Over time, many of the accidented that were later refurbished with its attendanted long or short susceptibility to crashes as a result of some of the defects that accompanied it upon entry are eventually sold as pool cars to the corporate institutions at cheaper prices.
This ugly situation has become worrisome when many Nigerians yearn to own a car of their own, but paying fully for one is a luxury aand most of them can’t even afford it in this economy when leading an active life requires mobility.
Reacting on the reasons for his company’s preference for used instead of brand new vehicles, Kelly Emeka, a finance manager of one the corporate institutions in Lagos told BusinessDay that, the move to settle for tokunbo cars was as a result of affordability due to the astronomical increase in the prices of new cars that has hit the roof top.
According to Emeka, ‘’As the period begin to witness shrinking economic activities and companies begin to witness reduced revenues and rising overhead cost, thereby making funds unavailable for new cars purchase, it becomes increasing imperative to make adjustments in the day-to-day funding of the operations of the company’’.
He said that, the strategy wasa way of cutting cost of interest rates charged by the banks, adding that, this trend started after immediately after the elections in 2015 when the exchange rates of the naira sky rocketed.

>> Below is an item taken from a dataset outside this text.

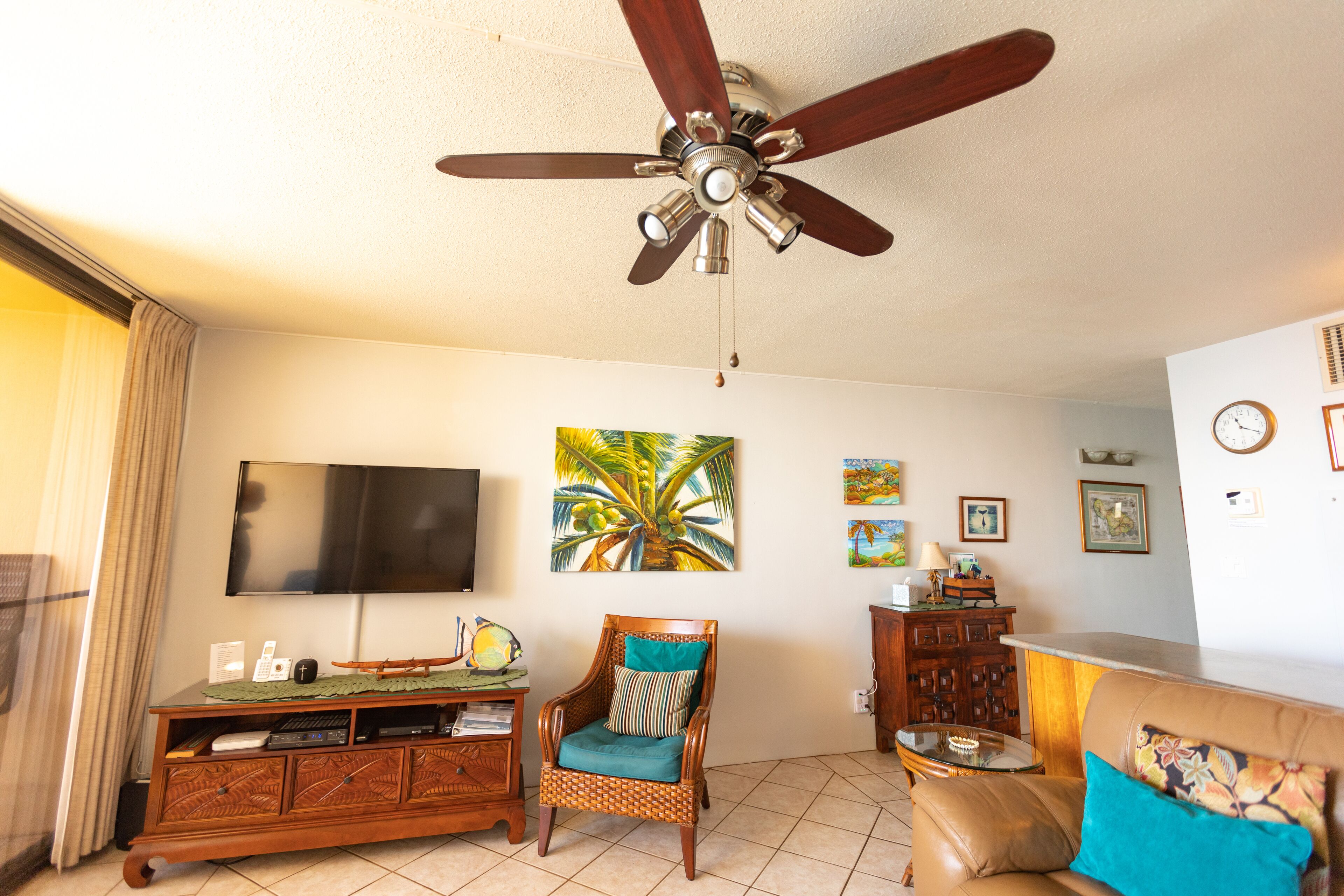 Smart TV, DVD player, stereo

The current trend where banks especially can neither buy new vehicles for their official or even finance new vehicle purchases for the buying has become so damning that even a subsidiary company cannot even afford to purchase brand new vehicles from one of its subsidiary company that operates a new car dealership.
It would be recalled that, upon introduction national automotive policy of 2013 introduced by the immediate past administration of former President Goodluck Jonathan, the automotive policy increased the tariff on imported vehicles by imposing 35 percent duty and 35 percent levy, amounting to 70 percent tariff to be paid on imported cars to the Nigeri Customs Service (NCS).
BusinessDay checks reveal that over 60 percent of vehicles imported through the nation’s seaports are accidented vehicles. For any vehicle to qualify considered as an accidented vehicle and quality for 30 percent rebate, some very important components of the vehicles such as the chassis, airbags and a large chunkof the body, must be certified damaged.
Figures from the National Bureau of Statistics (NBS) shows that 105,189 units of vehicles were imported by Nigerians in 2016through the ports, while in 2017, the volume of imported vehicles grew by 2.46 percent to hit 181,404 units.
As a result of this, the quality of vehicles imported into the country has deteriorated over the last four years. Industry followers have attributed this to the recession and the shrinking purchasing power of mnay people. This is majorly because, not everybody can afford a very expensive vehicle that and this accounts for the main reason why people are importing older or accidented vehicles.